* _Action item_
Would you repeat word for word the lines of the listing that follows, from the one with "a wreath with feathers and lights on it" up to and including the one with "Lindas pantuflas de", and leave out the images?

* _Entries shown_
■ ■ ■ ■ ■ ■ ■

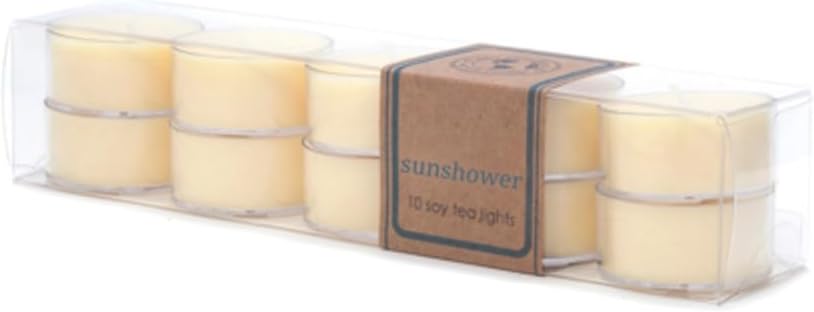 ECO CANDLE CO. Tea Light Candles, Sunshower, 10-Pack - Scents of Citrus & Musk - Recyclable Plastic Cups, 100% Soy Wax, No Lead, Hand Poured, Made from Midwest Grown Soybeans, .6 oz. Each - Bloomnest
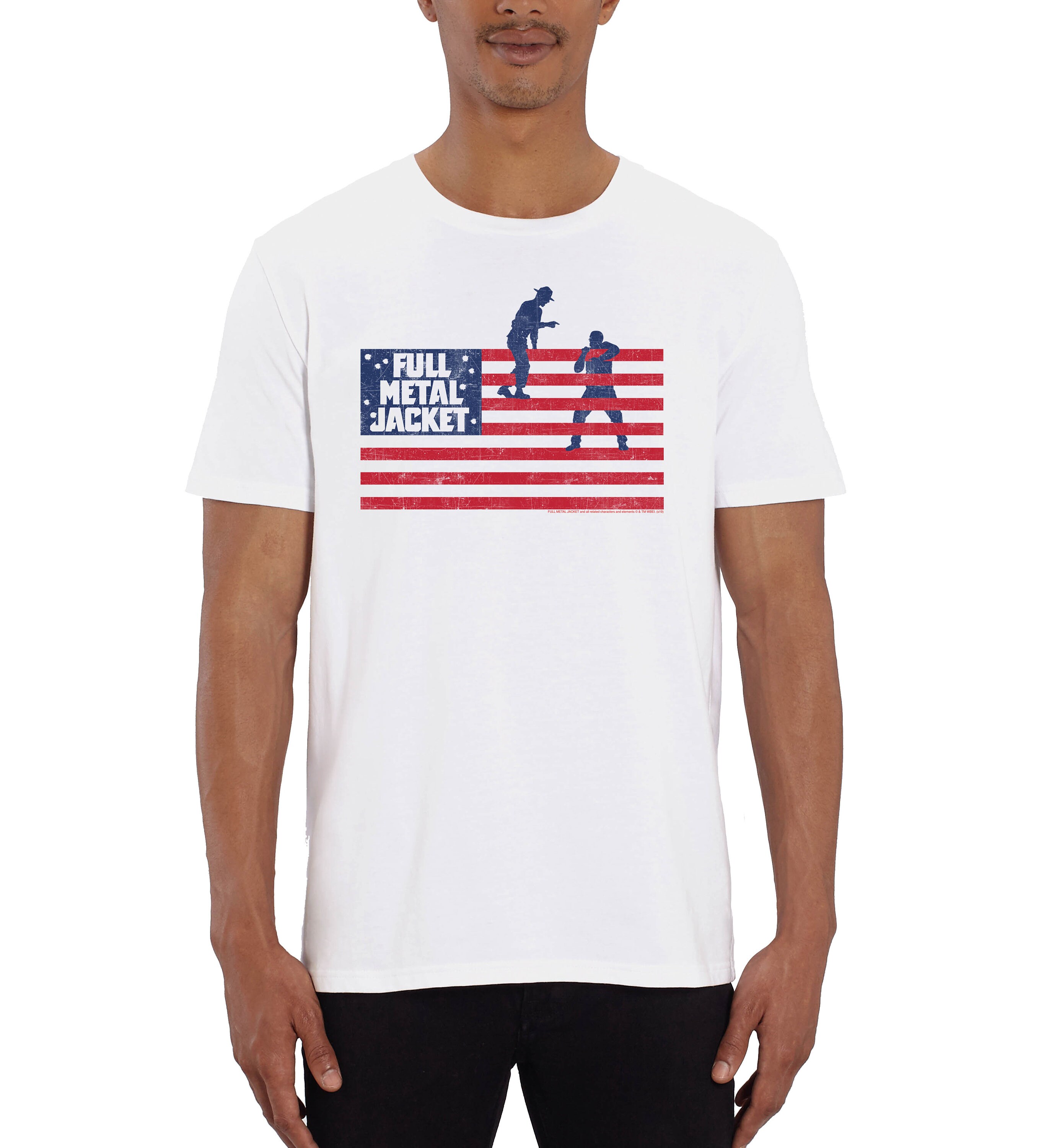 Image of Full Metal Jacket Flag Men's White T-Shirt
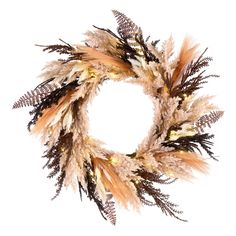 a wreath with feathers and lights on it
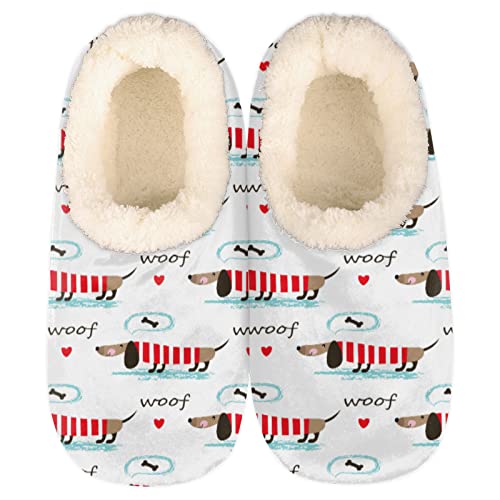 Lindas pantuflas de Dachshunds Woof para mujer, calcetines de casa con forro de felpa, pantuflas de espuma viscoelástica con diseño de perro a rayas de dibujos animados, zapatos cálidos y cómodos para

■ ■ ■ ■ ■ ■ ■

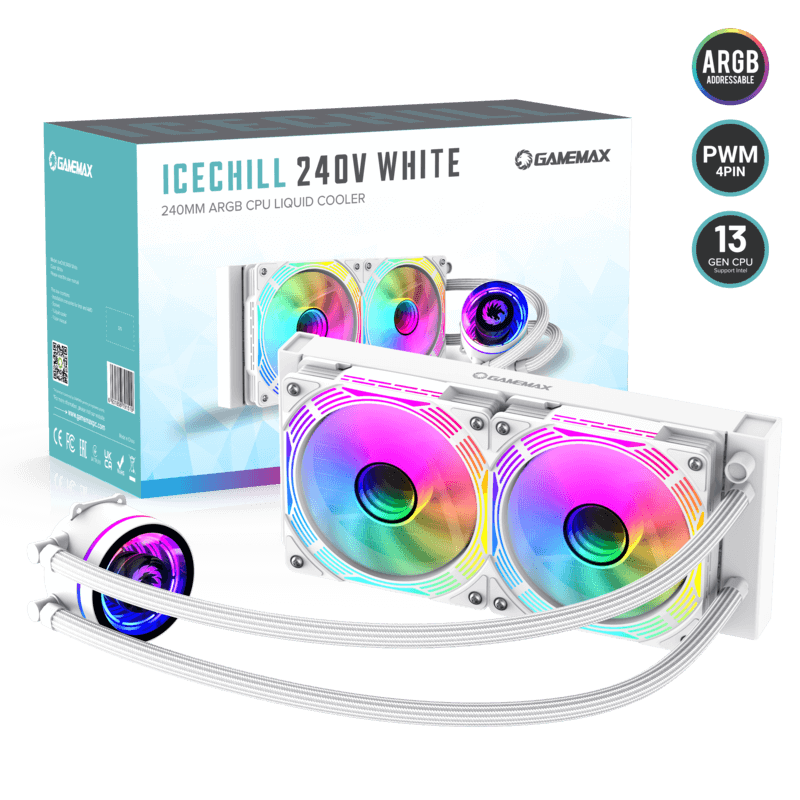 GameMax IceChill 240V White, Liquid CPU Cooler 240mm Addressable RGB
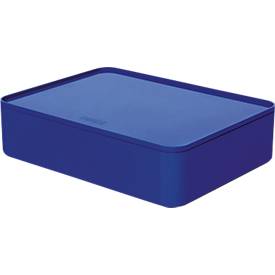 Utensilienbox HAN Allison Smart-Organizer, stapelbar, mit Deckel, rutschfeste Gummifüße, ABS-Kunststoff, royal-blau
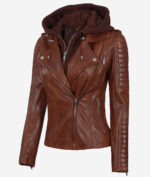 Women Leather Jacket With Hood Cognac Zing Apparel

■ ■ ■ ■ ■ ■ ■

* _Expected answer_
 a wreath with feathers and lights on it
 Lindas pantuflas de Dachshunds Woof para mujer, calcetines de casa con forro de felpa, pantuflas de espuma viscoelástica con diseño de perro a rayas de dibujos animados, zapatos cálidos y cómodos para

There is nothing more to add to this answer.